For the last four months my family has been regularly going to church… yes, I’m bragging… I’ve never been good at it. I’ve been loosely connected to this church for twenty years largely because the pastor is such a wonderful person (a pastor who’s a good person, weird, I know). He’s the perfect mix of gentleness and warmth on top of having an incredibly developed public speaking ability. He’s the kind of person that really ticks me off… in a good way… well, I say it’s a good way, so I don’t feel so bad about it. He’s ultimately a better person than I would even think of becoming (if that makes sense). It’s not because I’m lazy; it’s because I can’t be bothered… so I guess it’s because I’m lazy.
Last week this pastor told a fantastic story that I will now try to duplicate. As butchered as it might be, it still gives the basic idea.
Years ago this pastor was visiting a men’s meeting at a church in the States. Not long after he walked in, a very large and brash man (aka a very American American) greeted/accosted him. Have you ever met a person so brash they make you uncomfortable? This is what he experienced, and being such a gentle person he was all the more taken aback and wanting to hide. This American, however, was not letting the pastor get away as he very boldly announced, “You’re new here. You have to hear my story!” I don’t have the best social skills (hence I’m a writer), but even I know telling someone they have to hear your story isn’t the best way to build interest. If he said this to me, my internal response would be, “Do I have to give you my wallet before or after the story? How does this social mugging work?”
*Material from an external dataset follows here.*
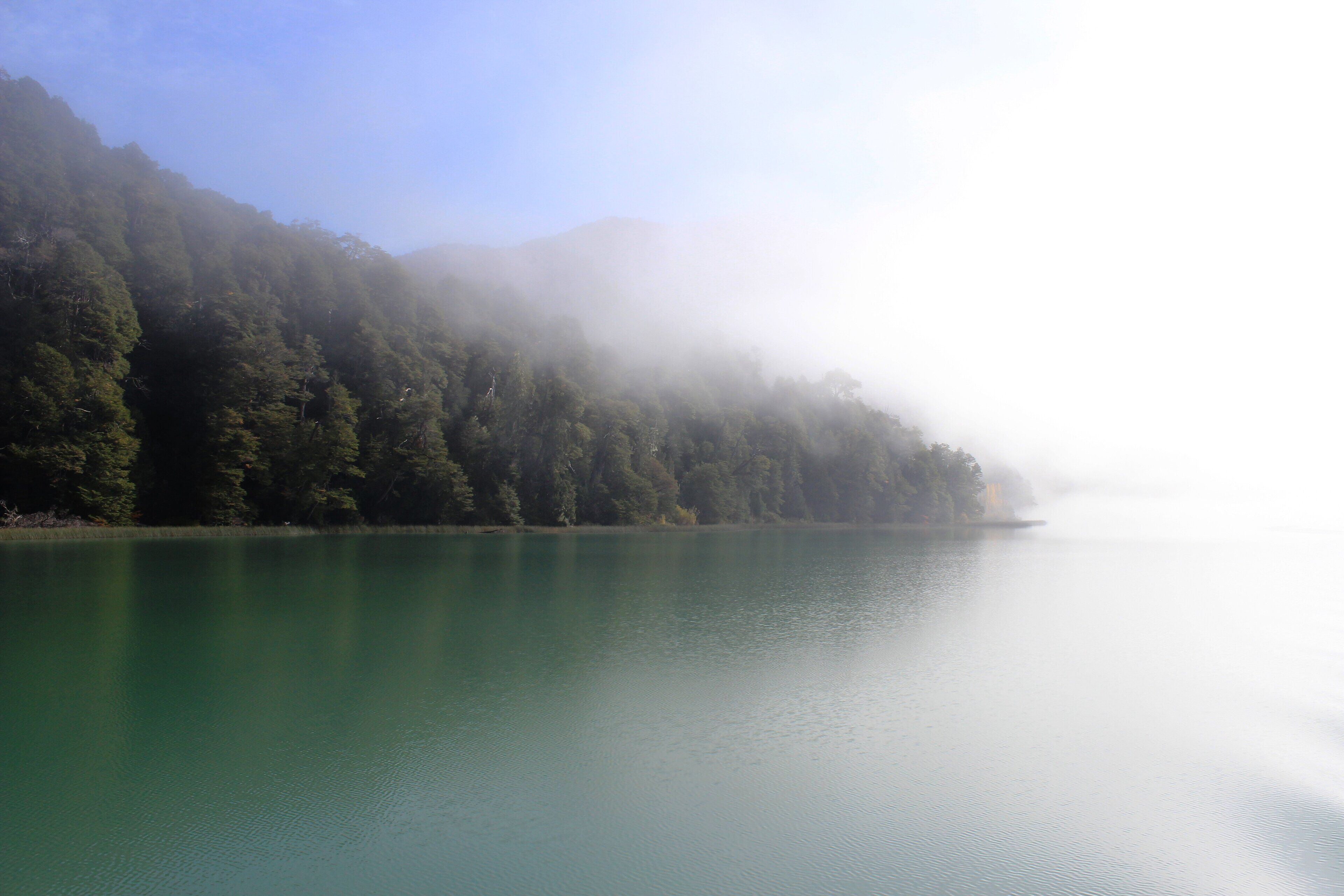 Caption---- fog over Todos Los Santos Lake, Puerto Varas, Los Lagos region, Chile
Without allowing time to protest, the American started his story: “Years ago I created a business. It was very successful (he’s better at bragging than I am). It was so successful I opened another branch in another city. That success continued and I opened another branch and another and another and another. Soon I was making over $100 million a year (i.e. more than this author has even had playing with fake money). At that point, we ended up going international, so I started making even more money!” If you’re like me, so far this story seems like he’s showing off and suggests he needs to buy friends because he has no social skills. Actually if you’re like me, you’d be thinking how can I use this guy? (I might be going to church, but that doesn’t mean I’m a good person.) This guy makes well over $100 million a year from being good at making business decisions, why wouldn’t he want to invest in an unknown writer wanting to publish a couple more books in a saturated market? That seems like a solid business investment.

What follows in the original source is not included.